### What the task requires
Exactly the lines from the line containing "We will be using" through the final line of the entries below must be returned, and only those, without pictures.

### Records shown
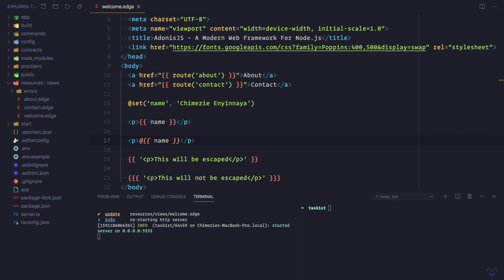To achieve that, we need to pass the value of the name parameter to the about view. First, let's revert the about route to accept the optional name parameter.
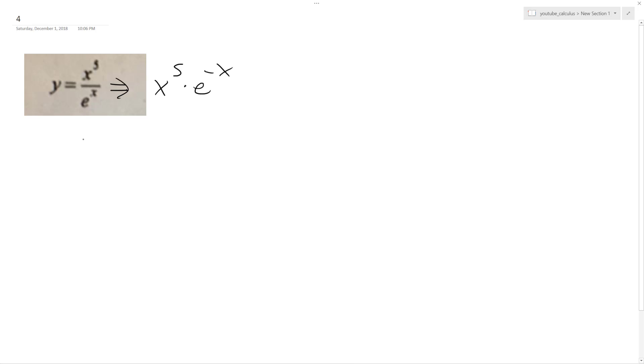So using the product rule now, bring down the exponent of x to the 5th, and then I have e raised to the negative x, plus,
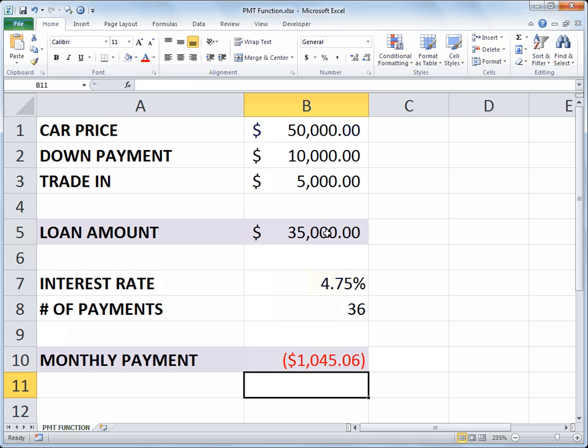You hit the enter key and there is our monthly payment, $1,045.06.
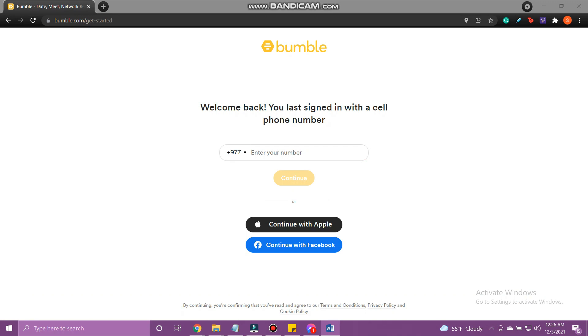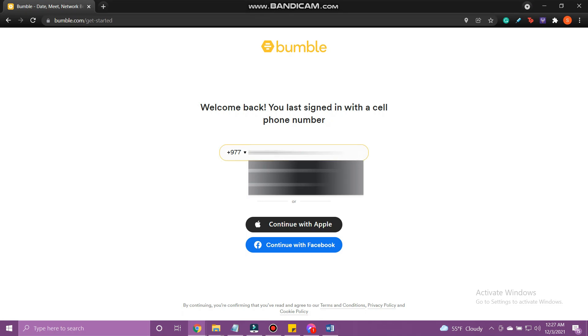We will be using our phone number. So enter your phone number and tap Continue.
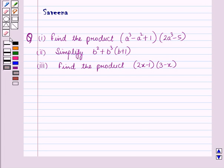Hello and welcome to the session. In this session we will discuss a question with three parts. First part: find the product (a³ - a² + 1)(2a³ - 5). Second part: simplify b² + b³(b + 1). And third part: find the product (2x - 1)(3 - x).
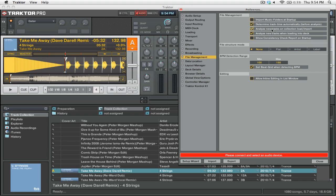Also on this tab you can see we have the BPM Detection Range, which Serato also has as a drop-down menu. I set mine to 100 to 150, because I know that I'm not going to be mixing any tracks that go below or above that range.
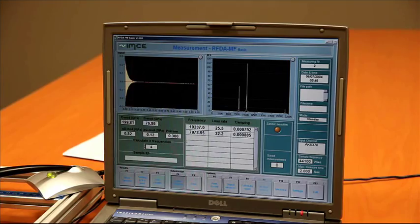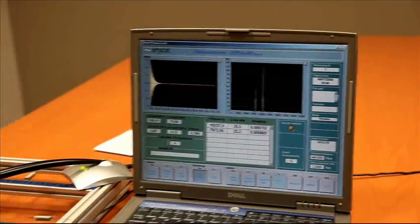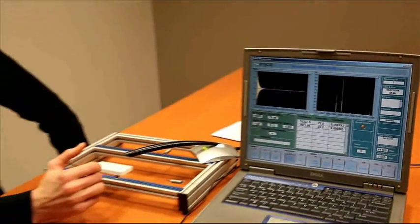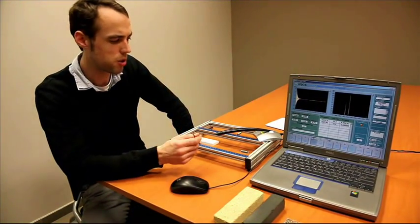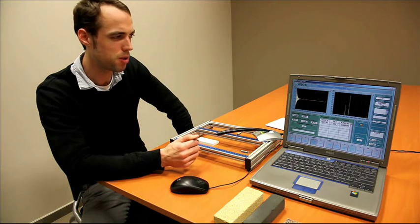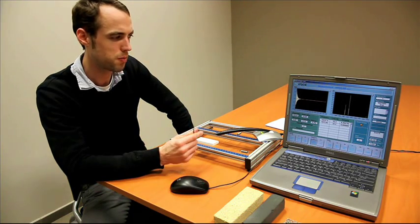The RFDA basic system is a very efficient and fast way to measure the elastic properties of samples.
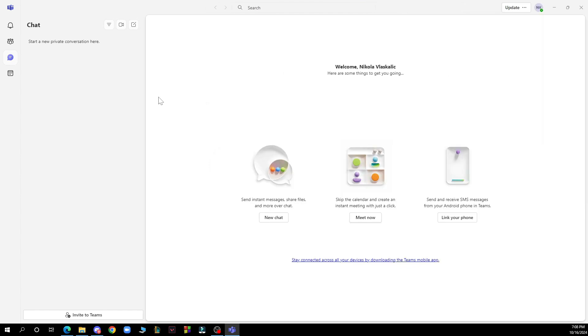Now locate your account in the list of active users. Click on your account and then go to contact information. After updating your job title, make sure to save your changes in the contact information.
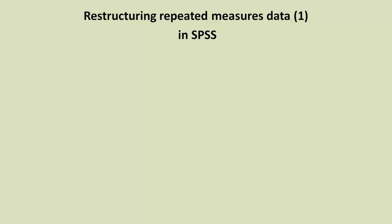Hi there, we're going to talk very quickly about restructuring data which is in the form of repeated measures in SPSS. This is really necessary if you're analyzing repeated measures data.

### Task result
We will be using our phone number. So enter your phone number and tap Continue.
Hello and welcome to the session. In this session we will discuss a question with three parts. First part: find the product (a³ - a² + 1)(2a³ - 5). Second part: simplify b² + b³(b + 1). And third part: find the product (2x - 1)(3 - x).
Also on this tab you can see we have the BPM Detection Range, which Serato also has as a drop-down menu. I set mine to 100 to 150, because I know that I'm not going to be mixing any tracks that go below or above that range.
The RFDA basic system is a very efficient and fast way to measure the elastic properties of samples.
Now locate your account in the list of active users. Click on your account and then go to contact information. After updating your job title, make sure to save your changes in the contact information.
Hi there, we're going to talk very quickly about restructuring data which is in the form of repeated measures in SPSS. This is really necessary if you're analyzing repeated measures data.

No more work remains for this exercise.